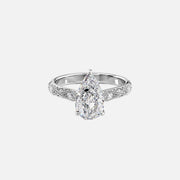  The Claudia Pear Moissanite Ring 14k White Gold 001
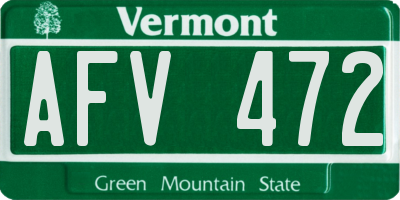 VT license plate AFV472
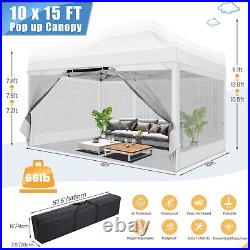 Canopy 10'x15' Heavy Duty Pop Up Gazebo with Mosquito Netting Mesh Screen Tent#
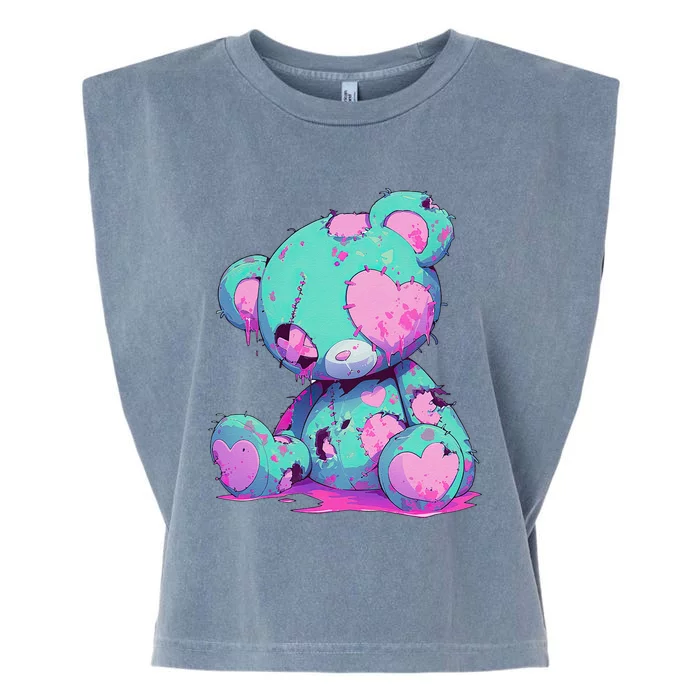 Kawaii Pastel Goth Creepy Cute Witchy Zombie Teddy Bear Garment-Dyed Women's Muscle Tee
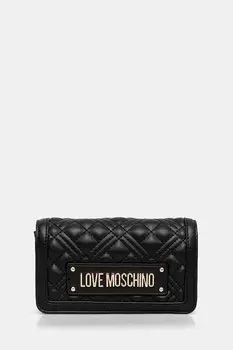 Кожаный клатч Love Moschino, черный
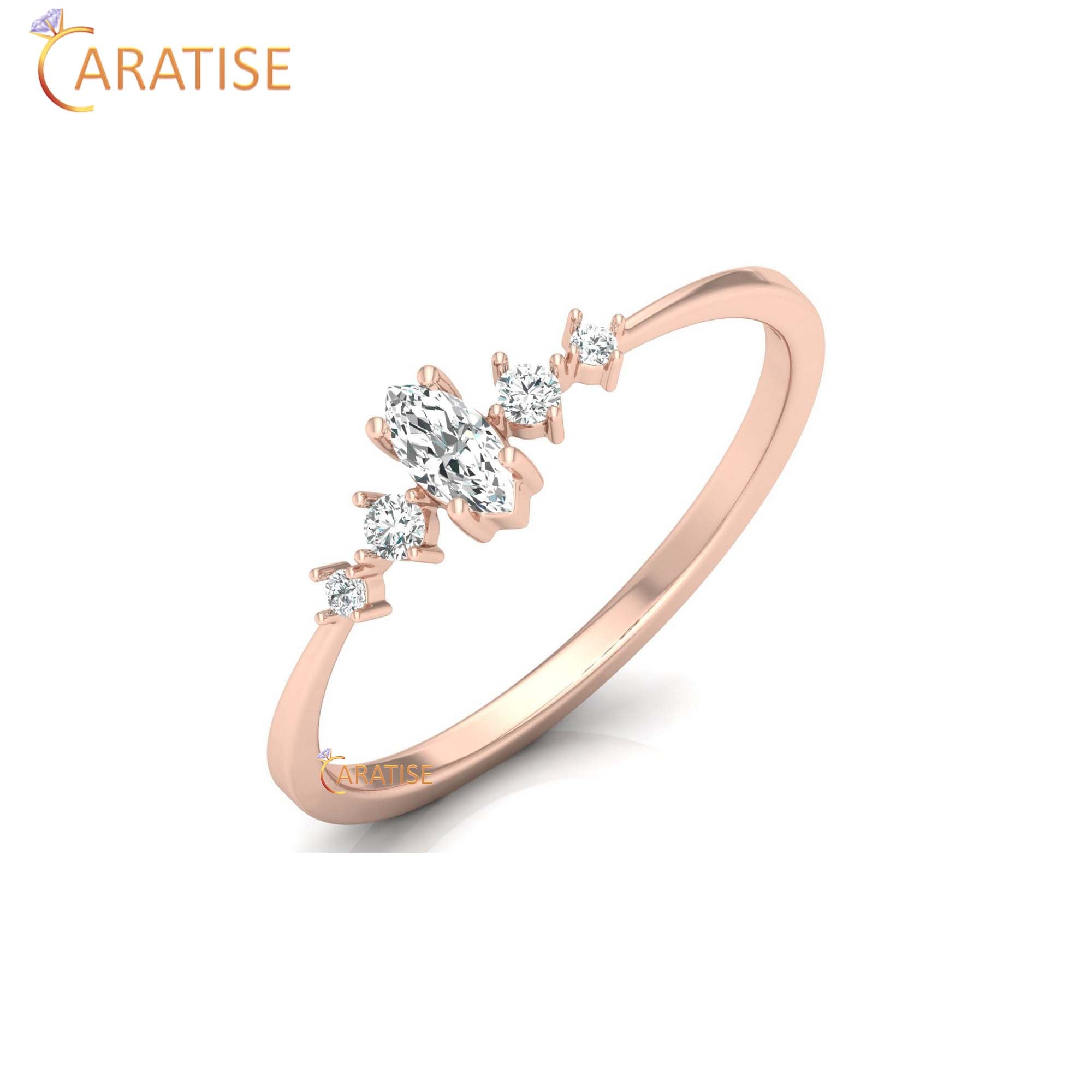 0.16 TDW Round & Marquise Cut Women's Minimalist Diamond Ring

WHAT IS NEEDED => Each entry above should be restated word for word, though no picture may appear in the copy.

OUTPUT BELOW =>
  The Claudia Pear Moissanite Ring 14k White Gold 001
 VT license plate AFV472
 Canopy 10'x15' Heavy Duty Pop Up Gazebo with Mosquito Netting Mesh Screen Tent#
 Kawaii Pastel Goth Creepy Cute Witchy Zombie Teddy Bear Garment-Dyed Women's Muscle Tee
 Кожаный клатч Love Moschino, черный
 0.16 TDW Round & Marquise Cut Women's Minimalist Diamond Ring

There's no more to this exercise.